A promise we need to keep

Scott P. Plotkin is executive director of the California School Boards Association
Last year, to help the state deal with a record-breaking deficit, schools took a $2 billion hit. Working closely with the state’s new governor, the Education Coalition of school advocates like the California School Boards Association and the California Teachers Association, agreed to forgo money to which schools were entitled under terms of Proposition 98.

This temporary suspension of the minimum funding guarantee for schools was just the most recent cut to education funding. In the last four years, schools have taken $9.8 billion worth of reductions.

In return, the governor and Legislature promised that kids would get their fair share when the economy improved. But now that state revenues are up, there’s some talk of breaking that promise. The legislative analyst recommends that the state cut education funding by an additional $1.4 billion next year.

State lawmakers require that every California child meet a long list of “world-class” achievement standards. Federal law mandates that every child in the state be proficient at reading and math by 2014. Clearly, if there was ever a time to protect basic funding for the state’s public schools, it is now.

Just a few weeks ago, districts shared specific examples with us about how they’re coping with ongoing budget reductions. The results were alarming. In district after district, anguished administrators reported laying off teachers, nurses, counselors, reading specialists, groundskeepers, budget analysts, instructional aides, social workers and librarians; eliminating athletics; increasing class sizes; and getting rid of such “extras” as music and art.

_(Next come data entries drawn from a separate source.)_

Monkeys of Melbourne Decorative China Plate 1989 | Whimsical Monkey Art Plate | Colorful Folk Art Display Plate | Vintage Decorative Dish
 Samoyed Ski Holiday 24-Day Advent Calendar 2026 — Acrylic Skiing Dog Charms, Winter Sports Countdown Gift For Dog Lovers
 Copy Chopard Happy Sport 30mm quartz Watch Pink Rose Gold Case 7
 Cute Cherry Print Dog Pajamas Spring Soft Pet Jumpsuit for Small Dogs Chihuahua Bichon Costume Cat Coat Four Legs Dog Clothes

Setting aside the state’s compelling legal and moral obligations to its children, let’s just focus on the bottom line: We can’t afford the economic costs of continuing to shortchange a generation of Californians on education.

Once a national leader, California is now 36th in the nation when it comes to per-pupil spending. What kind of message does that send to the boys and girls we’re counting on to carry us and our state’s economy into the 21st century? Schools cannot serve them on the cheap.